FIG. 4 is diagram 400 showing how product ion spectra from
successive groups of the overlapping rectangular precursor ion
transmission windows are summed to produce a triangular function
that describes product ion intensity as a function of precursor
mass, in accordance with various embodiments. Plot 410 shows that
there is a precursor ion 420 at mass 430. Overlapping rectangular
precursor ion transmission windows 440 are stepped across a mass
range producing a plurality of product ion spectrum. Essentially, a
product ion spectrum (not shown) is produced for each window
440.
Successive groups 450 of windows 440 are selected. The product ion
intensities from spectra (not shown) from the successive groups 450
of windows 440 are summed. This summing produces plot 460. Plot 460
shows that a product ion of precursor ion 420 acquires a triangular
shaped function 470 of product ion intensity with respect to
precursor mass. Plot 460 also shows that the apex or center of
gravity of function 470 points to mass 430 of precursor ion
420.
The methods and systems described above involve a single scan
across a mass range using overlapping precursor ion transmission
windows. In various embodiments, additional information is obtained
by performing two or more scans across a mass range using
overlapping precursor ion transmission windows.
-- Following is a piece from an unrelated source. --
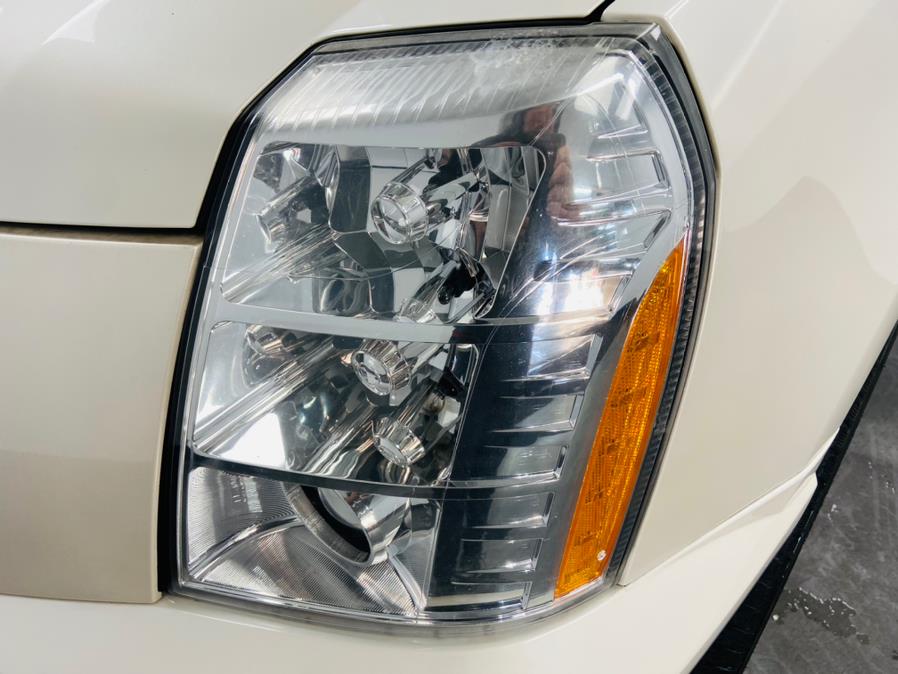 2012 Cadillac Escalade AWD 4dr Luxury, available for sale in Linden, New Jersey | East Coast Auto Group. Linden, New Jersey 2012 Cadillac Escalade AWD 4dr Luxury, available for sale in Linden, New Jersey | East Coast Auto Group. Linden, New Jersey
In various embodiments, an elution profile can be constructed by
performing two or more scans across a mass range using overlapping
precursor ion transmission windows. Usually for quantitation, at
least eight measurements are needed across a liquid chromatography
(LC) peak, for example. Since a single scan takes about one second,
it is difficult to get quantitative information on a fast LC
elution. A fast LC elution occurs, for example, in the case of
small molecules. In contrast, LC elutions in the proteomics case
take on the order of tens of seconds. In a fast LC elution, the
peak is rising and falling rapidly but it is still possible to
detect this behavior within a scan of an overlapped transmission
window. If, for example, a window width is 200 DA and a 900 Da mass
range is scanned at 1.5 ms per step with overlapping windows, the
scan takes 1.35 seconds, but each ion within the range is present
in 200 scans and its behavior is observed for 300 ms out of each
1350 ms. As a result, the elution profile can be reconstructed by
fitting an elution profile to the fragment ions observed from the
overlapping windows.
FIG. 5 is diagram 500 showing how it is possible to reconstruct an
elution profile using overlapping precursor ion transmission
windows, in accordance with various embodiments. Elution profile
510 is reconstructed using overlapping transmission windows 520.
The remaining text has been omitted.